The word 'rose' is one of the great wandering loanwords of Western civilization — a word that followed its referent along trade routes from ancient Iran through Greece and Rome into the languages of modern Europe. English 'rose' comes from Old English 'rōse,' an early borrowing from Latin 'rosa' (rose). Latin 'rosa' was borrowed from Greek 'rhódon' (ῥόδον, rose), and the Greek word is widely believed to derive from Old Iranian *wṛda- (rose, flower), attested in Avestan 'varəda-' and reflected in Armenian 'vard' (rose) and Arabic 'ward' (rose, borrowed from Persian).
The Iranian origin aligns with the horticultural history. Roses were cultivated in Persia millennia before they reached the Mediterranean. The ancient Persians developed sophisticated rose gardens and extracted rose water and rose oil ('attar of roses'), technologies that later spread westward. The word and the cultivation moved together — a linguistic migration that mirrors a botanical one.

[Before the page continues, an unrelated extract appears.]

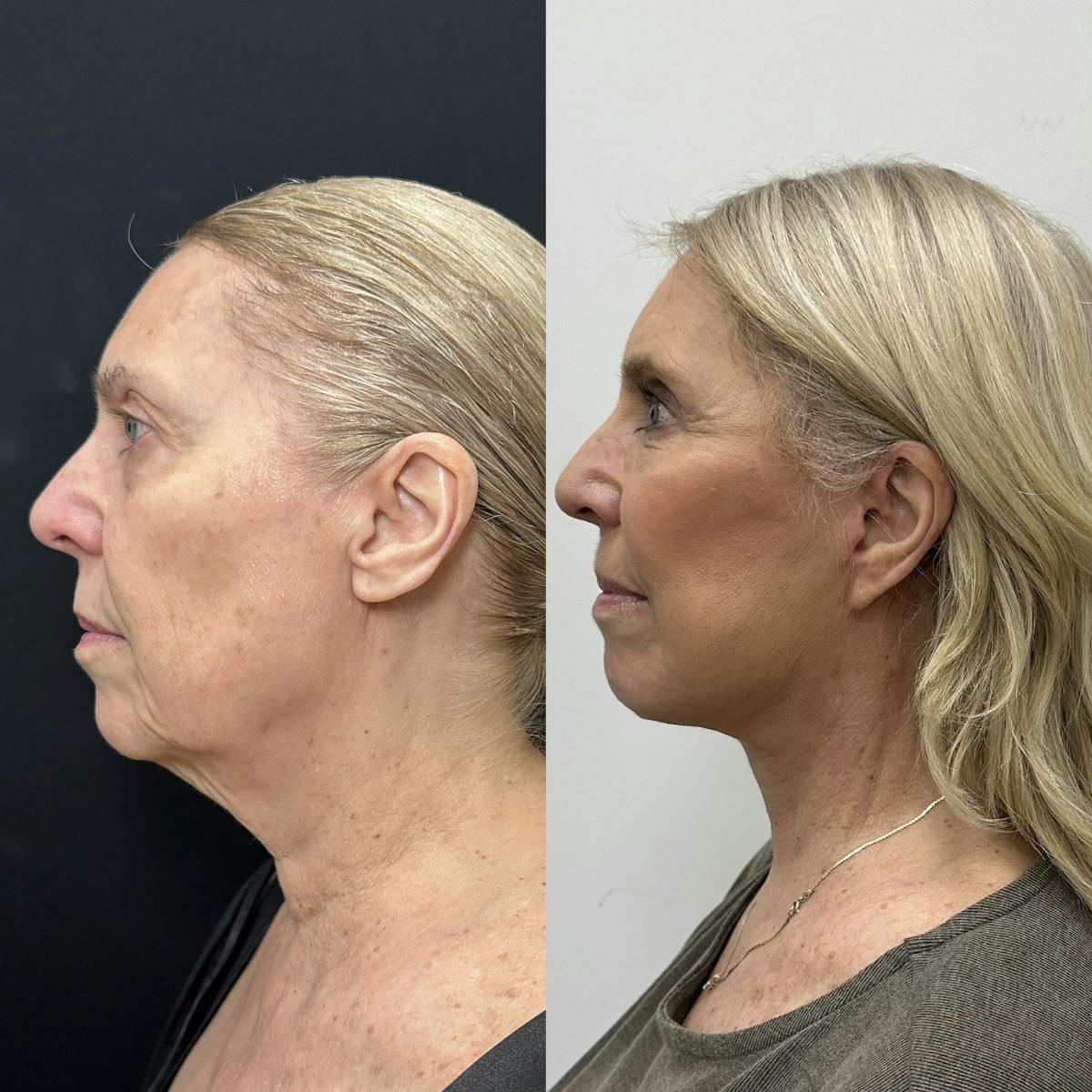 Deep Plane Facelift Before & After Gallery - Patient 100835 - Image 4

The Greek form 'rhódon' appears in two prominent English words. 'Rhododendron' means literally 'rose tree' (rhódon + déndron, tree) — the rhododendron was named for its rose-like flowers. The island of Rhodes ('Rhódos') was traditionally known as the 'rose island,' whether because roses grew abundantly there or because the name was folk-etymologized to connect with the Greek rose-word.
The Latin 'rosa' generated an enormous family in the Romance languages and in English. A 'rosary' (Latin 'rosārium') was originally a rose garden; the devotional meaning arose from the medieval metaphor of prayers as roses — each prayer was a rose offered to the Virgin Mary, and the complete cycle of prayers was a garland or garden of roses. 'Roseate' means rose-coloured or optimistic. A 'rosette' is a rose-shaped ornament. 'Sub rosa' (under the rose) means 'in secret' — from the ancient custom of hanging a rose above a meeting table to indicate that all discussions
'Rosemary' appears to contain 'rose' but actually does not — it comes from Latin 'rōs marīnus' (sea-dew), referring to the plant's coastal habitat. The folk-etymological reshaping to 'rose-mary' is a false connection, though it has influenced the plant's cultural associations with both roses and the Virgin Mary.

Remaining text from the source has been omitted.